Over the past few decades, the microbiome has emerged as an exciting area of research. The microbiome is a known regulator of immune homeostasis at many mucosal surfaces. However, the role of the lung microbiome in health, and how changes in it can affect disease is poorly understood. In fact, textbooks up until around 10 years ago said that the normal lung was free from any bacteria!
Discovery of the lung microbiome
It seemed unlikely that the healthy lungs were completely devoid of naturally occurring bacteria. After all, if soil samples from the most extreme regions of the earth contain colonies, surely the mucosal layer of the lungs would.
It turns out there is indeed a lung microbiome, shown by a 2010 paper that applied 16s rRNA sequencing. All bacteria contain the 16s rRNA gene, and the gene contains both conserved and variable regions. By using PCR primers for the conserved regions, and analysing the variable regions, a picture of the microbiome can subsequently be formed.
Determinants of the respiratory microbiome can be broken down into two categories. The first is microbial immigration into the lungs, and microbial elimination from the lungs. The other is a change in the regional growth conditions (pH, temperature, oxygen etc.).

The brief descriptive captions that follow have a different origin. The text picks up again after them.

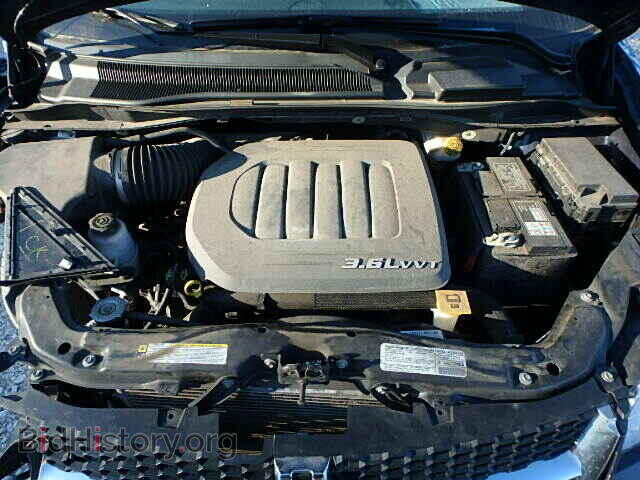 2013 DODGE CARAVAN - VIN: 2C4RDGBG7DR507178 - Фото 7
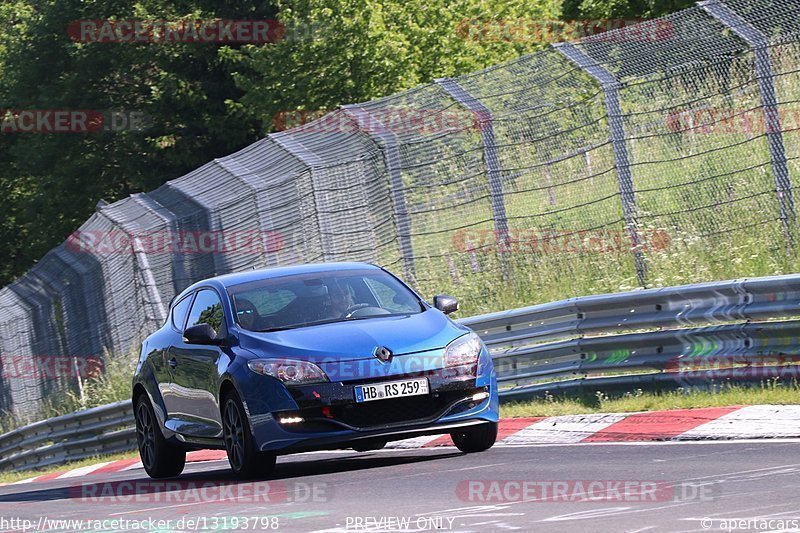 Bild #13193798 - Touristenfahrten Nürburgring Nordschleife (13.06.2021)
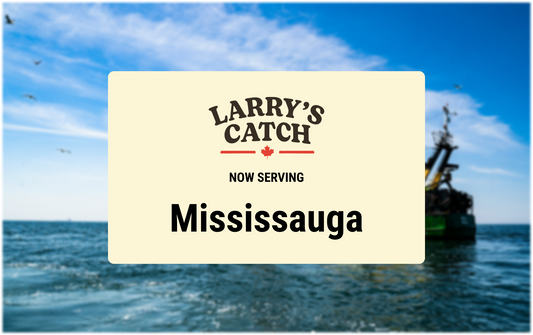 Mississauga Seafood Market Delivery: Premium, Sustainable Seafood at Your Fingertips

Historically, patients who present with a chronic productive cough would be asked for a sputum sample. A result of “upper respiratory track flora isolated” would be treated as a negative result and ignored. Knowledge of a respiratory microbiome means that perhaps this will no longer be the case, as alterations in the airway microbiota may be important hallmarks of disease, whether causal or correlated.
Relationship of lung microbiome with disease
It has been shown that airway microbiota alterations are associated with diseases like cystic fibrosis and chronic obstructive pulmonary disease (COPD).
COPD is characterised by exacerbations or ‘flare-ups’ of symptoms, typically caused by an infection. Despite being the third leading cause of death worldwide, there have been no new treatments for over 20 years. It is known that infection is a major trigger for exacerbations, be that viral or bacterial. Viral infections have also been known to trigger secondary bacterial infections.
Aran Singanayagam, Group Leader at the Centre for Molecular Bacteriology and Infection (CMBI) at Imperial College London, is a key player in this field and has focused his studies on the effects of extrinsic therapies such as inhaled corticosteroid (ICS) on COPD exacerbations. He spoke at the Festival of Genomics and Biodata 2022 about his work.
When looking at the gut microbiome, Aran showed that COPD patients had a much larger percentage of proteobacteria than other people. Patients with frequent exacerbations had larger proportions of proteobacteria than those that didn’t and expressed lower amounts of type I and type III interferon.
A study from a different group in 2007 found that the use of Fluticasone Propionate (an inhaled corticosteroid) was associated with a much higher risk of lung infection and pneumonia. Evidence for this was shown in a mouse model where steroid treated mice produced lower antivirals when infected with rhinovirus.
Interestingly, ICS users had a disrupted respiratory microbiome when compared with non-ICS individuals, with an extremely raised population of Streptococcus.
Aran’s team hope in the future to produce models that can more robustly show a causal link between microbiome perturbations and alterations to the antiviral immune response. If this is shown to be the case, we may be able to use the gut microbiome as a therapeutic target.
Little is known about the lung microbiome, but if extrinsic therapies are having profound effects on the microbiome composition, then it could be that they need to be administered with more caution than they currently are. Hopefully, as further understanding of this niche space develops, further therapeutics will emerge, such as live microbial therapy or even antibiotics, that can balance out microbiota populations.